This edited volume celebrates  a quarter-century's anniversary of the foundation of the Japan Association for Evolutionary Economics (JAFEE) and proposes the future perspectives of evolutionary economics on the grounds of its achievements in Japan. When JAFEE was founded in 1997, hundreds of ambitious non-neo-classical economists gathered in this forum to advance new directions of economic research. Succeeding in 2004, JAFEE launched an international academic journal, Evolutionary and Institutional Economics Review (EIER), which is now published by Springer.Evolutionary economics found rich soil for growth in Japan, where non-orthodox directions in economic theory and historical interest in the past masters' works occupied a solid portion of economics academism. Evolutionary economics in Japan has grown with the collaboration of non-neoclassical economics including Marxian and post-Keynesian economics, agent-based modeling, complexity studies, comparative economic systems, and studies in industrial evolution.
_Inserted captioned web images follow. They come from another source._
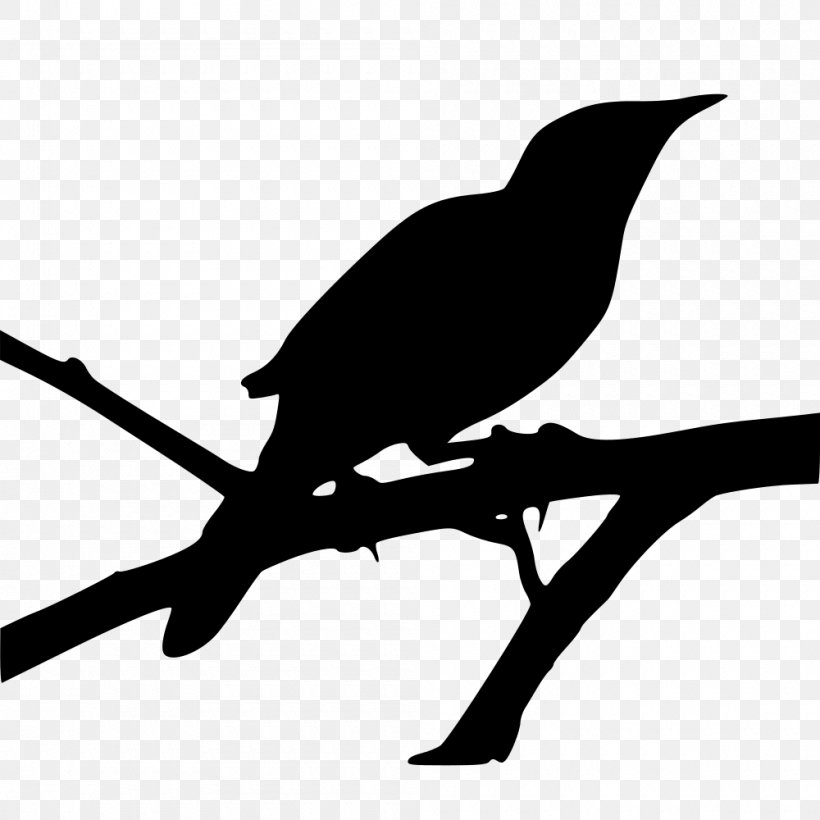 Mockingbird Clip Art Image Openclipart JPEG, PNG, 1000x1000px, Mockingbird, Beak, Bird, Blackbird, Branch Download Free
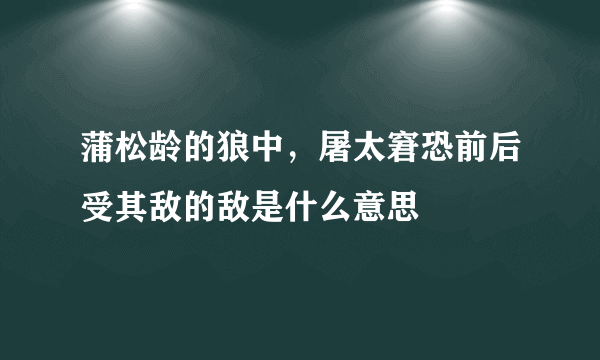 蒲松龄的狼中，屠太窘恐前后受其敌的敌是什么意思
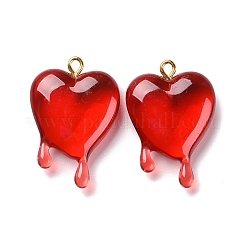 Прозрачные смоляные подвески&nbsp;LS-RESI-F028-01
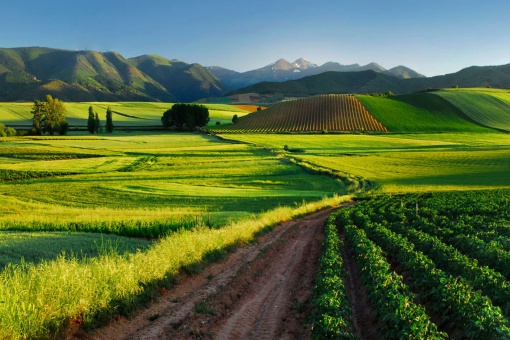 Paisagens de La Rioja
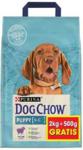 Purina Dog Chow Puppy Lamb Sucha Karma Dla Szczeniąt Wszystkich Ras 2,5Kg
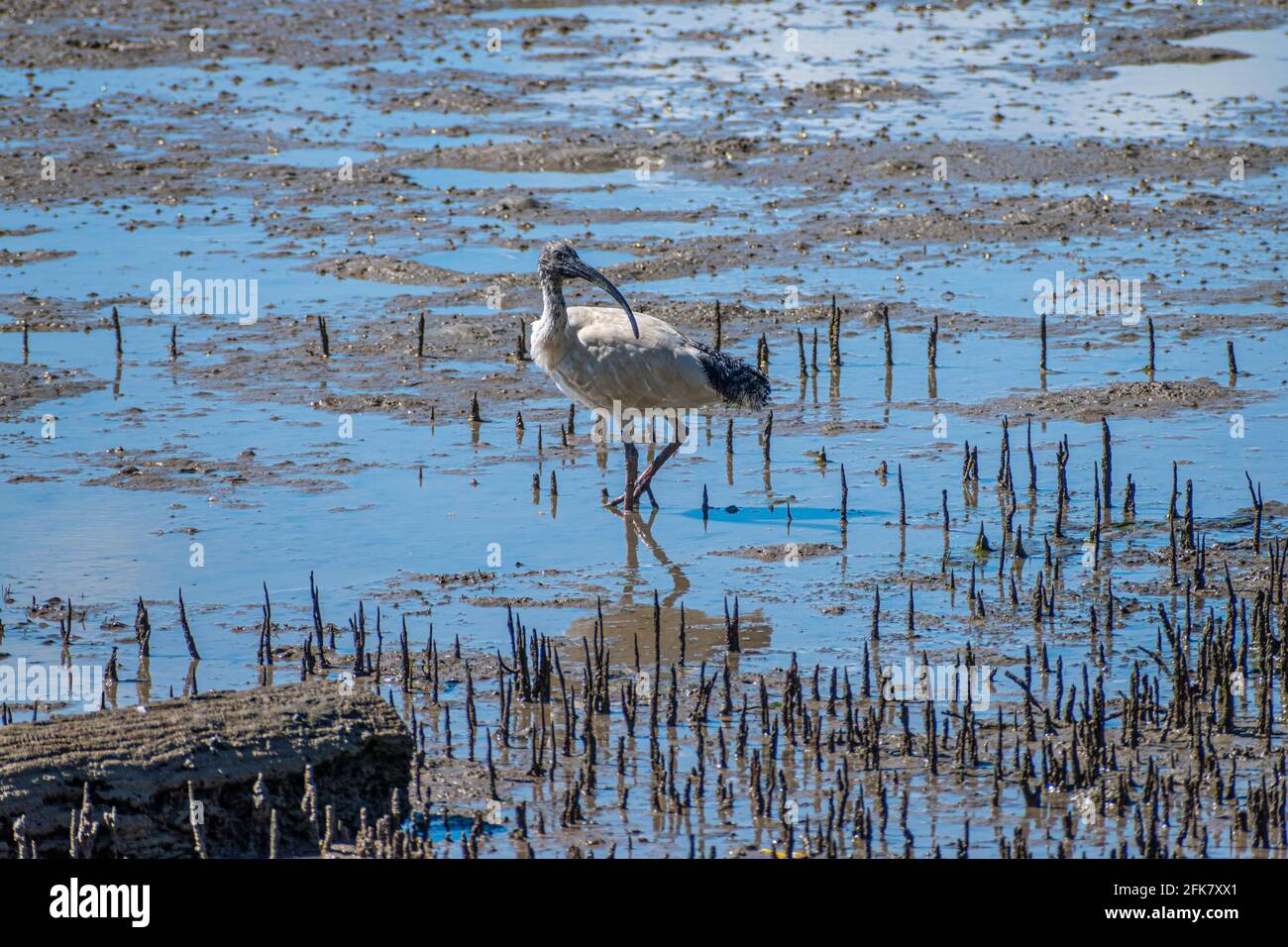 Un Ibis blanc australien (Threskiornis molucca) se forge à manger sur les plates-forme de boue de mangrove du passage Pumicestone près de Brisbane, Queensland, Australie Banque D'Images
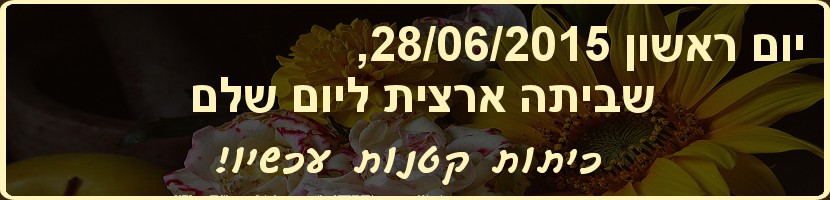 היום הוחלט על השבתה של כל בתי הספר בארץ ביום ראשון הקרוב, 28.6.2015 והנהגת ההורים החליטה להצטרף ולהשבית ביום זה את בית הספר, למעט כיתות ו' שיוצאות לטיול שנתי כמתוכנן. ההשבתה במטרה ללחוץ על משרד החינוך לקיים את התקנה בדבר כיתות קטנות.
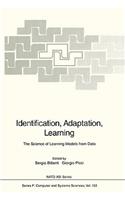 Identification, Adaptation, Learning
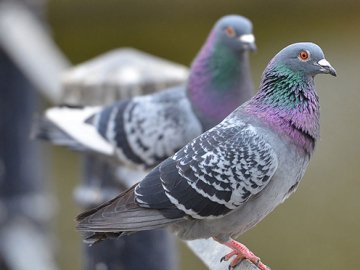 У Великобританії жінку оштрафували за годування голубів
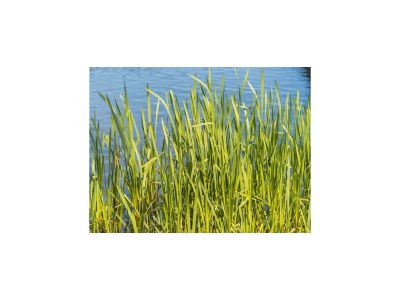 Holiday house Ferienhaus Seewind mit Sauna am Dümmer See - Environment photo 22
Combining the renovation of classical value theory as the micro-foundation of evolutionary economics is one of its most conspicuous achievements. Experimental methods are also used in the artificial domain, regional studies (community currencies), and other domains. Further, evolutionary ideas stimulated comparative analysis of national economies in the development and system transition. 

The variety of chapters in this volume reflects the broad perspective and the multiplicity of approaches to evolutionary economics in Japan, which thus stimulates its worldwide advance.